NNeil Bowen14 Min. Lesezeit

Einrichtung der Arduino IDE für ESP32-Entwicklung

Eine Schritt-für-Schritt-Anleitung zur Installation der Arduino IDE, zum Hinzufügen der ESP32-Board-Unterstützung und zum Übertragen eines ersten Sketch auf einen ESP32-S2, ESP32-S3 oder ESP32-C6.

Wenn Sie die Arduino IDE noch nie verwendet haben, sieht der Prozess komplizierter aus als er tatsächlich ist. Es gibt drei Teile: IDE installieren, ESP32-Board-Unterstützungspaket installieren und dann das richtige Board und den richtigen Port auswählen. Die meisten Probleme entstehen im letzten Teil, daher werden die Board-Einstellungen weiter unten ausführlich behandelt.

Diese Anleitung setzt voraus, dass Sie Arduino IDE 2 verwenden, dies ist die aktuelle Version und diejenige, die Sie für ESP32-Arbeiten verwenden sollten. Die ältere 1.8.x IDE funktioniert zwar noch, aber der Board-Manager ist langsamer und der Editor ist viel weniger nützlich.

Was Sie vorher brauchen

  • Einen Windows-, macOS- oder Linux-Computer mit einigen Gigabyte freiem Speicherplatz. Der ESP32-Core und seine Toolchains sind ein großer Download.
  • Ein USB-Kabel, das Daten überträgt. Das überrascht ständig Menschen. Viele USB-C-Kabel, die mit Telefonen und Batteriepackungen mitgeliefert werden, sind nur zum Aufladen und das Board wird einfach nie angezeigt.
  • Ein ESP32-Board. Die folgenden Anweisungen decken die Varianten S2, S3 und C6 ab.
  • Eine angemessene Internetverbindung für den ersten Download.

Schritt 1: Installation der Arduino IDE

Gehen Sie zu arduino.cc/en/software und laden Sie die aktuelle Version für Ihr Betriebssystem herunter. Die Website zeigt zunächst eine Spendenseite an. Sie können diese überspringen und direkt zum Download gehen.

  • Windows: Wählen Sie das Installationsprogramm statt der ZIP-Datei. Akzeptieren Sie die Treiberaufforderungen, falls diese während der Installation erscheinen.
  • macOS: Öffnen Sie das Disk-Image und ziehen Sie die Anwendung in den Applications-Ordner. Beim ersten Start müssen Sie es möglicherweise unter Datenschutz und Sicherheit genehmigen.
  • Linux: Das AppImage verursacht die wenigsten Probleme. Machen Sie es ausführbar und führen Sie es aus. Sie müssen sich auch zur dialout-Gruppe hinzufügen, was weiter unten unter Treibern behandelt wird.
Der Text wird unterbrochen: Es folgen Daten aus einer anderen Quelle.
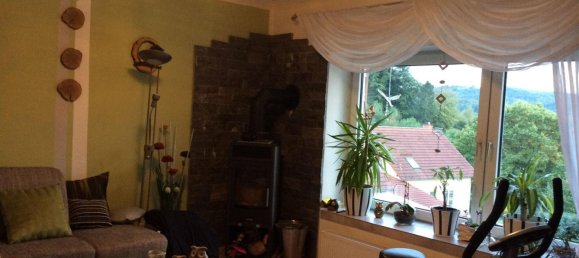 3 Schlafzimmer Wohnung in Saarpfalz, Germany, Nr. 226928 3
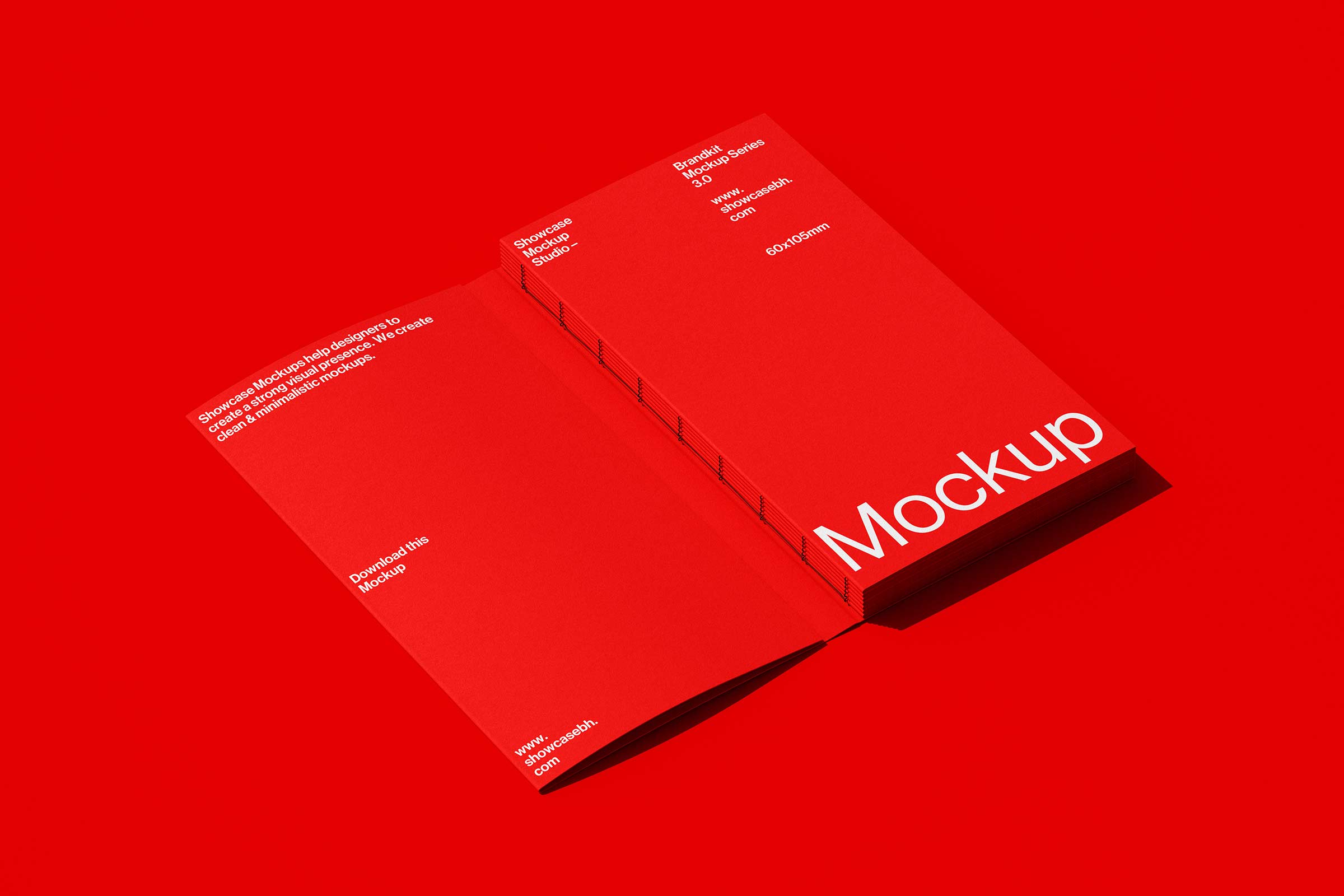 Brandkit3_Mockup Bundle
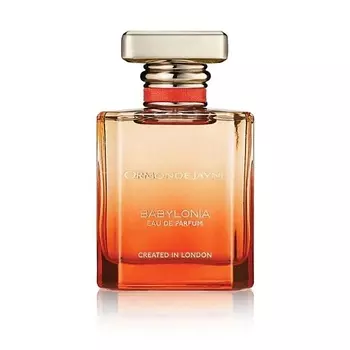 ORMONDE JAYNE Парфюмерная вода Babylonia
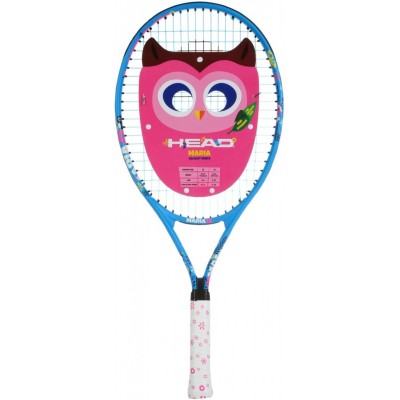 Rachetă pentru tenis Head Maria 25 (233400)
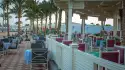 Mirage Bay Resort & Aqua Park (Ex. Lilly/23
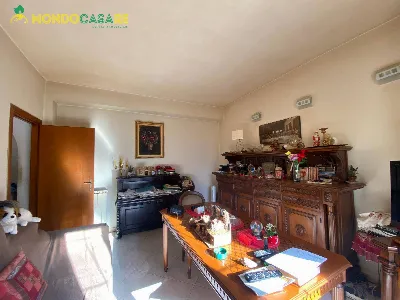 Appartamento in vendita a Monterotondo - foto 10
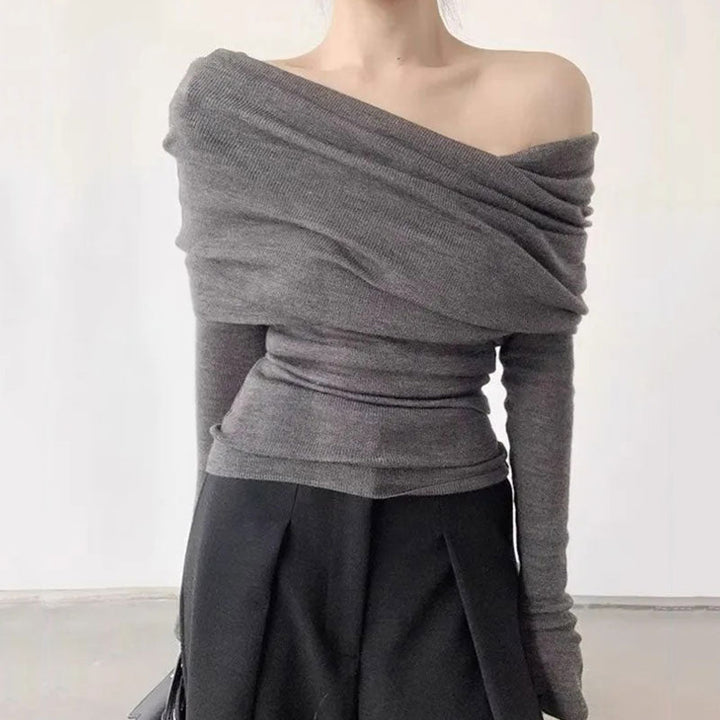 トップス — Reina Tokyo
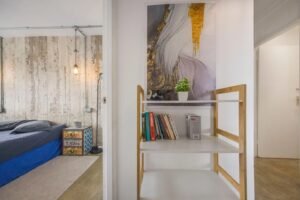 imgi 30 o 1ib543q7989vlfm1p9o180cshmp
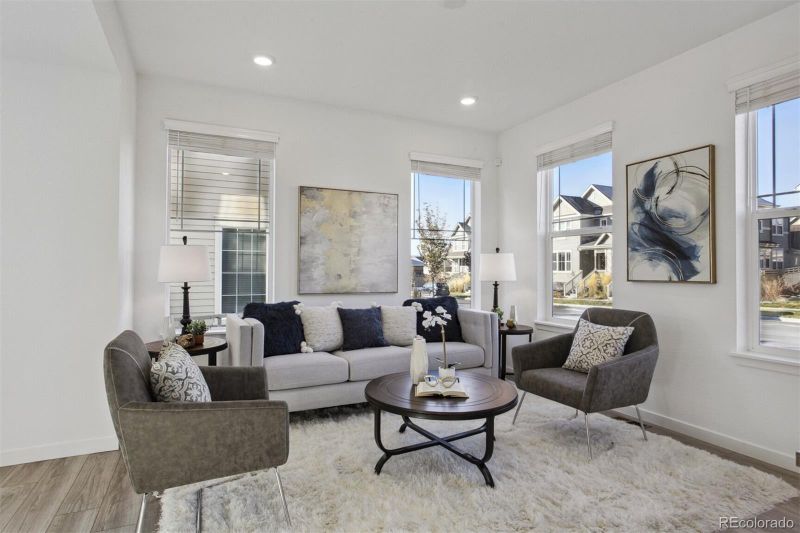1624 Wright Al, Erie, CO 80516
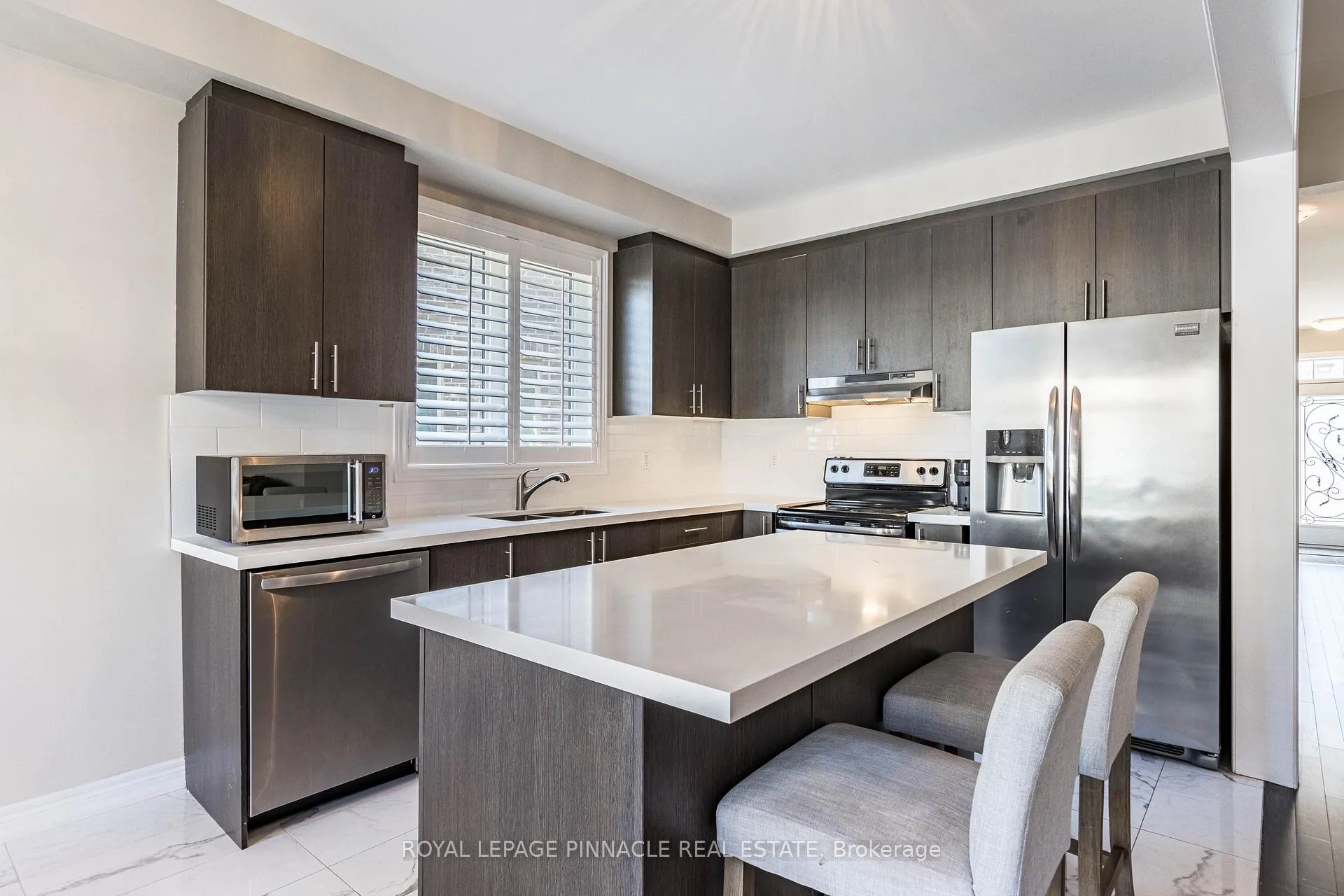 Photo 16 of 353 Hincks Drive, Milton, Clarke — HOMEH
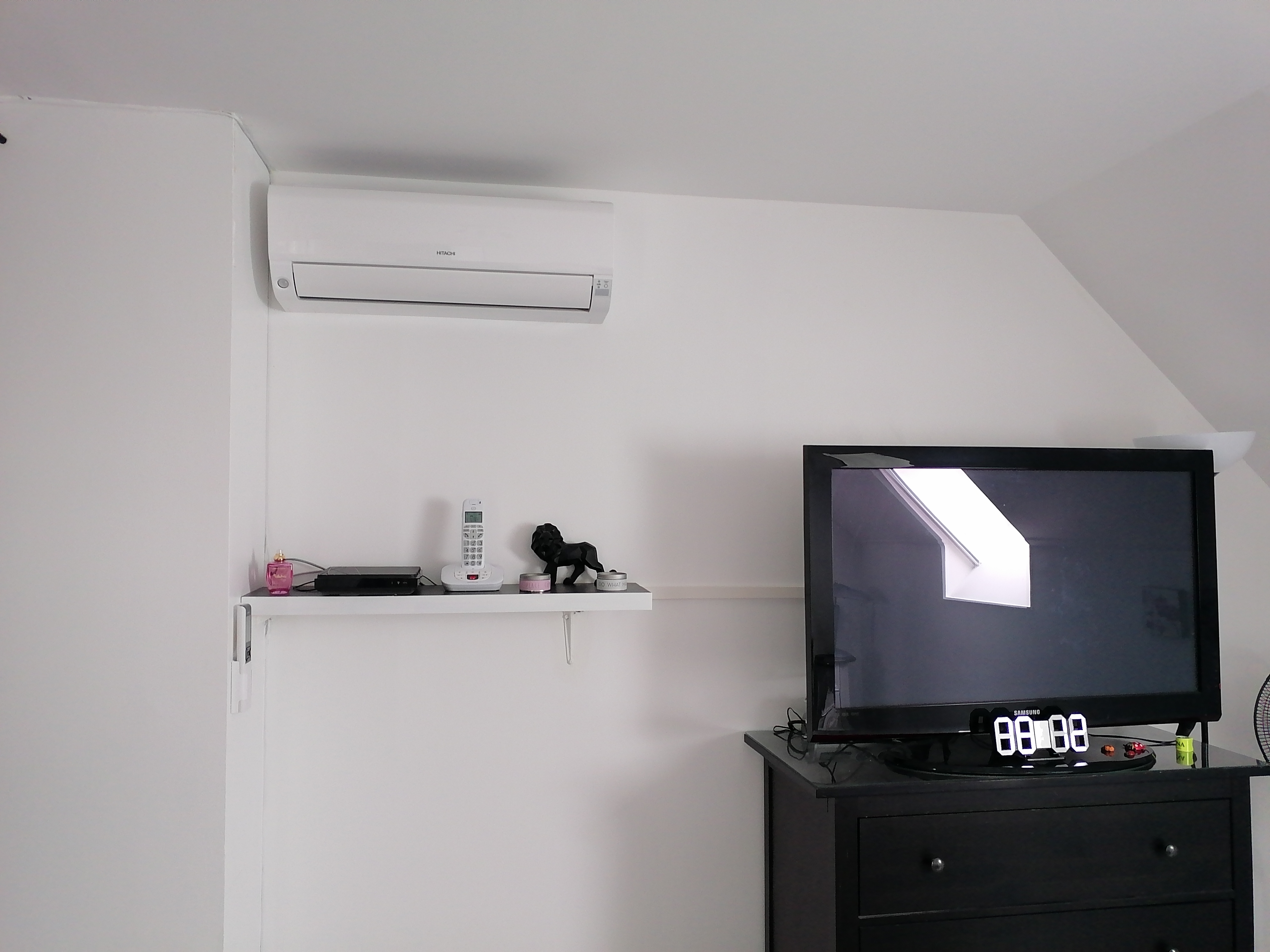 Photo n° 1 de l'avis de foissy.l fait le 24/05/2021 à 13:28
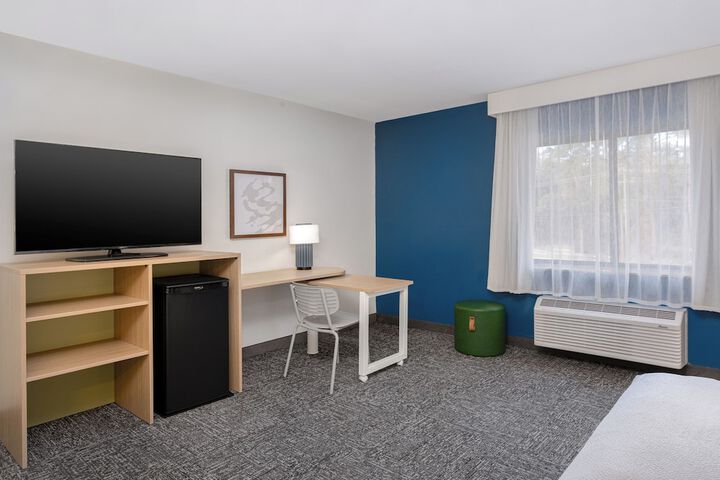 Room 20 of 31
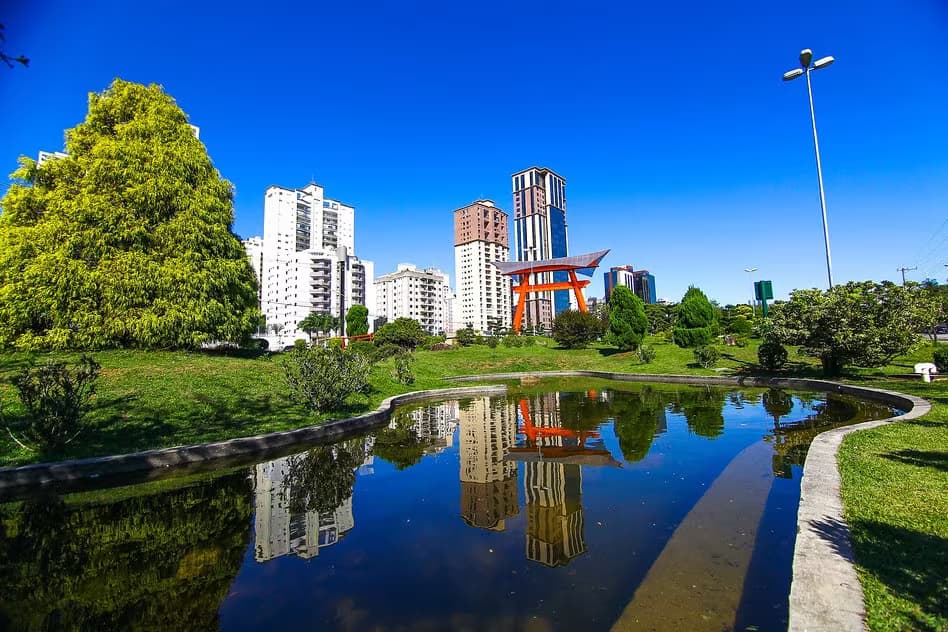 paisagem-439561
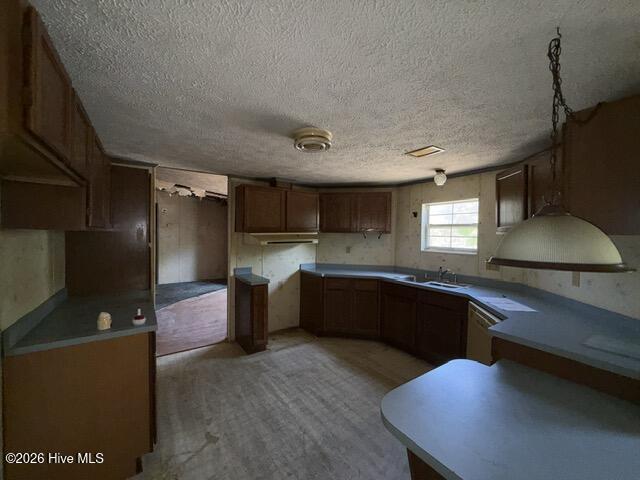 200 Watts Landing Road, Hampstead, NC, 28443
Abbildung 1: Die Download-Seite auf arduino.cc

Starten Sie die IDE nach Abschluss der Installation. Sie erstellt einen Sketchbook-Ordner in Ihrem Dokumentenbereich und einen versteckten Einstellungsordner. Es ist sinnvoll zu wissen, wo der Einstellungsordner ist, denn wenn die Board-Unterstützung jemals durcheinander gerät, ist die schnellste Lösung, einen Teil davon zu löschen und von vorne zu beginnen:

  • Windows: %LOCALAPPDATA%\Arduino15
  • macOS: ~/Library/Arduino15
  • Linux: ~/.arduino15

Schritt 2: Installation des ESP32-Core

Öffnen Sie den Board-Manager. Es ist das zweite Symbol von oben in der linken Symbolleiste oder Tools > Board > Boards Manager. Geben Sie esp32 in das Suchfeld ein und warten Sie einen Moment, bis sich die Liste lädt.

Ältere Anleitung, einschließlich vieler, die immer noch oben in den Suchergebnissen erscheinen, sagen Ihnen, dass Sie eine benutzerdefinierte URL in Einstellungen einfügen müssen, bevor Sie dies tun können. In aktuellen Versionen der IDE ist dies oft nicht erforderlich, versuchen Sie also zuerst die Suche und sehen Sie, was zurückkommt. Falls das Espressif-Paket aufgelistet ist, machen Sie direkt weiter. Falls nicht, gibt es eine kurze Umleitung weiter unten, die das Problem behebt.

Sie werden wahrscheinlich zwei Einträge sehen, und es kommt darauf an, welchen Sie wählen:

  • Arduino ESP32 Boards, von Arduino. Dieses Paket enthält nur das Arduino Nano ESP32. Es gibt Ihnen nicht die Einträge für S2, S3 oder C6-Entwicklungsmodule. Falls Sie kein Nano ESP32 besitzen, ist das nicht das richtige Paket.
  • esp32, von Espressif Systems. Das ist das richtige Paket. Wählen Sie die neueste 3.x-Version aus dem Versions-Dropdown und klicken Sie auf Installieren.

Der Download ist mehrere hundert Megabyte groß, wenn die Compiler-Toolchains einbezogen sind, nehmen Sie sich also Zeit. Die Fortschrittsleiste bleibt lange stehen, während sie entpackt wird. Schließen Sie die IDE nicht mittendrin. Falls es auf halbem Weg fehlschlägt, führen Sie es erneut aus, anstatt anzunehmen, dass es funktioniert hat.


Abbildung 2: Zwei Pakete mit ähnlichen Namen. Sie benötigen esp32 von Espressif Systems.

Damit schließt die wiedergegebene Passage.